• [EXERCISE DIRECTIONS] Find the line with "24332 Lorenzo, Valencia, California" in the entries below. Repeat it, every following line, and the line with "X6 M60i Integal-Aktivlenk.", exactly and with nothing added.

[Records from a data source]
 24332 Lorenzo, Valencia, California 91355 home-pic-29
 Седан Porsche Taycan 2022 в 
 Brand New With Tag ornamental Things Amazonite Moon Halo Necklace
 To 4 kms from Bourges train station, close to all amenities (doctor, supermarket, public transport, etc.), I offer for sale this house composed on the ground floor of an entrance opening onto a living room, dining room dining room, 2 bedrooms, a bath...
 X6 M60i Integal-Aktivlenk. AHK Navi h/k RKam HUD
==
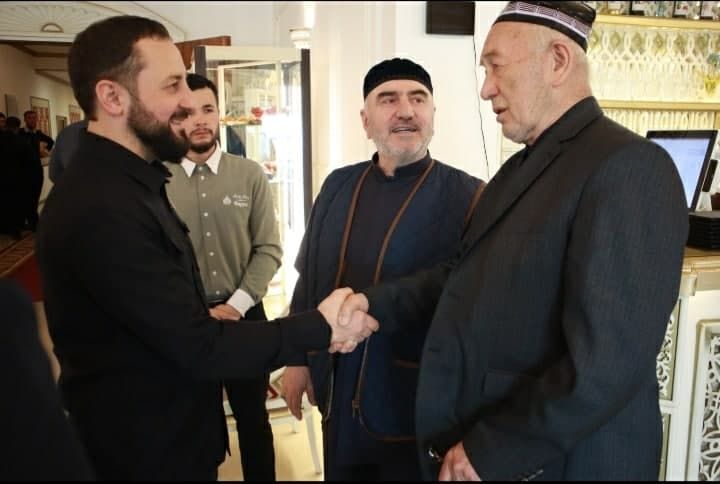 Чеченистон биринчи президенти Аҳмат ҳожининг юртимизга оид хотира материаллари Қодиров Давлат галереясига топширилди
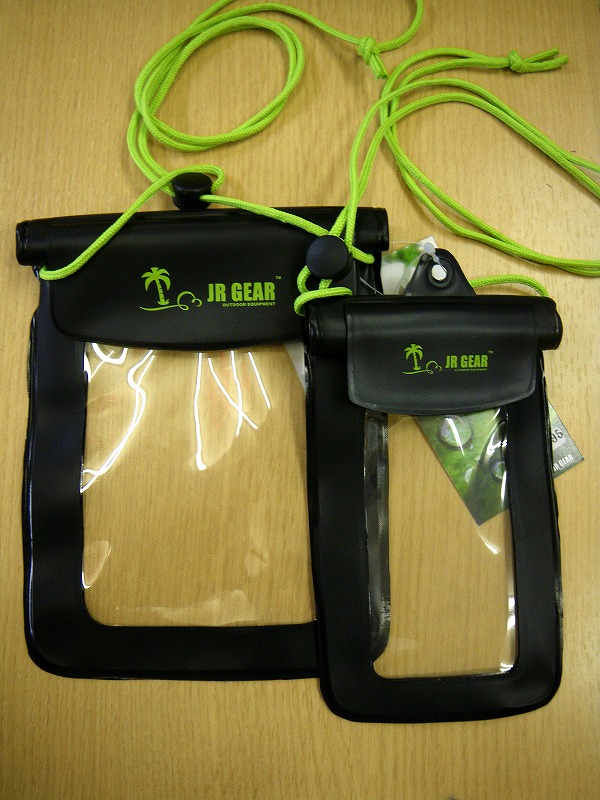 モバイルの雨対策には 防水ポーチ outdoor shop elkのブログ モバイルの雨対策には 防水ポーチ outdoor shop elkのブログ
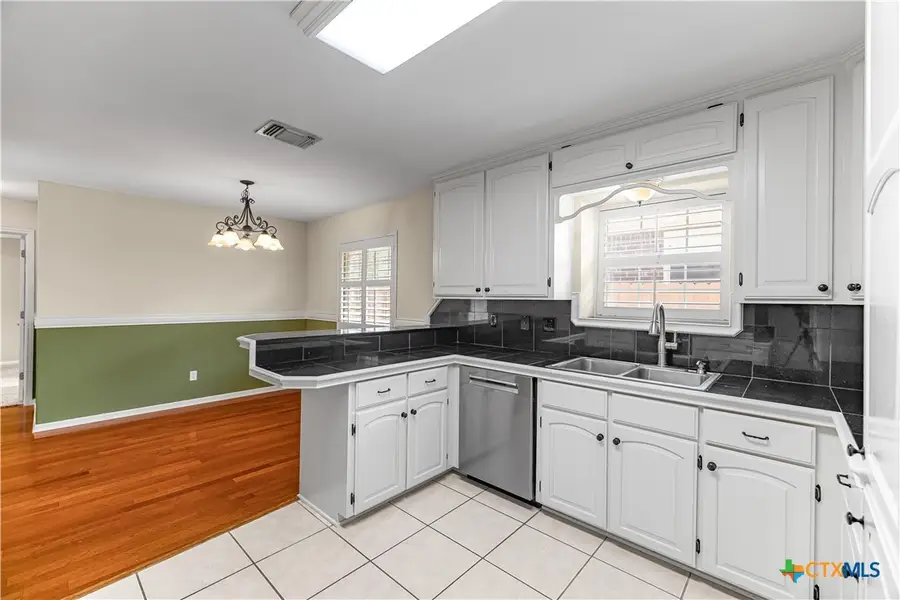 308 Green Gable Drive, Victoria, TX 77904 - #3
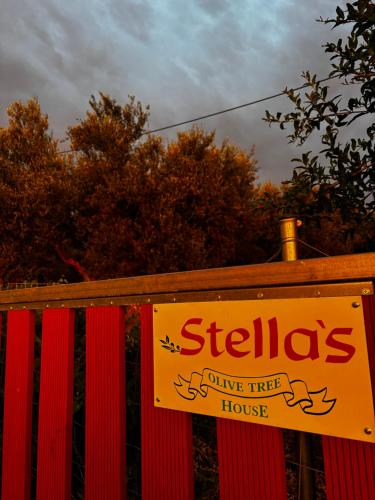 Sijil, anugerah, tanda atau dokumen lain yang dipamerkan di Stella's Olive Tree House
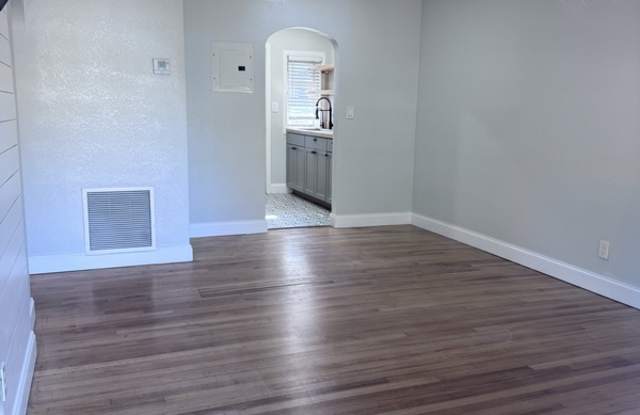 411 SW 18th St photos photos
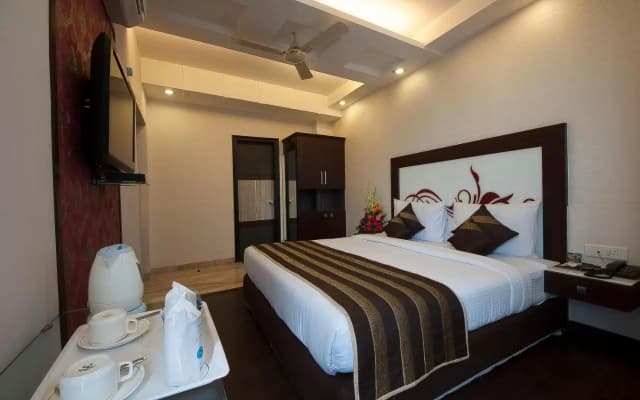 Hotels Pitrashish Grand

• [TASK SOLUTION]
 24332 Lorenzo, Valencia, California 91355 home-pic-29
 Седан Porsche Taycan 2022 в 
 Brand New With Tag ornamental Things Amazonite Moon Halo Necklace
 To 4 kms from Bourges train station, close to all amenities (doctor, supermarket, public transport, etc.), I offer for sale this house composed on the ground floor of an entrance opening onto a living room, dining room dining room, 2 bedrooms, a bath...
 X6 M60i Integal-Aktivlenk. AHK Navi h/k RKam HUD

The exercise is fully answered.